Hope that the hint in the future will be more explanatory.

1 Like

So here is my solution. Albeit, a little different than the suggested solution, but I believe I am adhering to the requirement to use recursion and not iteration. Where am I going wrong. Btw, the code works for all the test cases given.

def find_min(my_list):
  if my_list == []: return None
  if len(my_list) > 1:
    if my_list[-1] > my_list[0]:
      my_list.pop()
    else:
      my_list.pop(0)
      find_min(my_list)
  return my_list[0]

# test cases
print(find_min([42, 17, 2, -1, 67]) == -1)
print(find_min([]) == None)
print(find_min([13, 72, 19, 5, 86]) == 5)

My Solution

def find_min(lst):
  n = len(lst)
  if n == 0:
    return None
  if n == 1:
    return lst[0]
  else:
    if lst[0] < lst[-1]:
      return find_min(lst[:-1])
    else:
      return find_min(lst[1:])

This is my solution. The two base cases are

  • if the list is empty or

  • if the list has only one element (which is the minimum no matter what)

The recursive calls then compare the first element of the list with the last element.

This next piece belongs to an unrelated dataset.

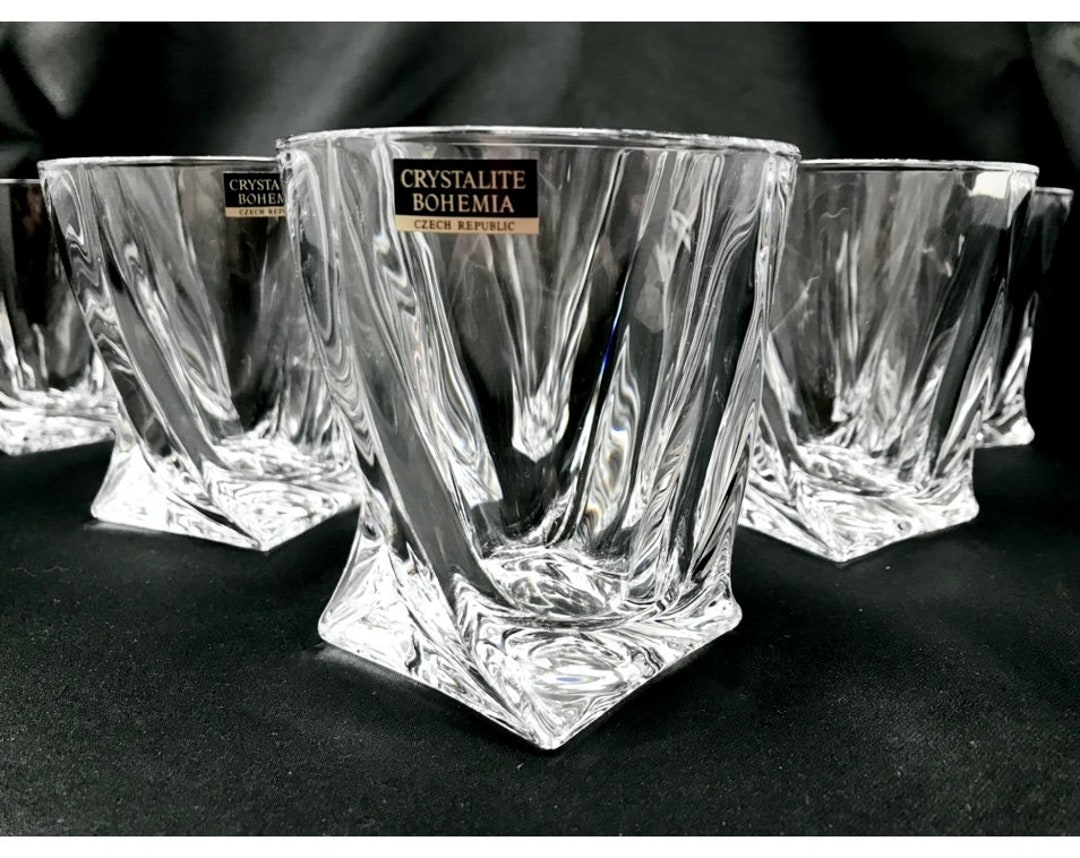 Bohemia Crystal Whiskey Glasses Set of 6, Vodka Water Tumblers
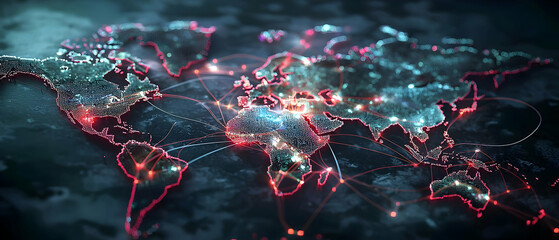 Global Network Connections World Map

And if the first element is smaller then the last we don’t need to look at this last element ever again - so we just need to look at the list without the last element lst[:-1]. For that smaller list we check again. Analogous if the last element is smaller then the first element.

After numerous recursive calls we end up with a list with just one element - that’s our min.

What is the purpose of ‘if not min’ in this code:

if not min or my_list[0] < min:
min = my_list[0]
return find_min(my_list[1:], min)

if WHAT ‘not min’?

1 Like

we don’t have to use comparison, we can also simply check something is truthy:

if True:
# or:
if "non empty strings are empty":

or falsy:

if False:
# or 
if "":

and with not, we flip the value (truthy becomes falsy and vice versa)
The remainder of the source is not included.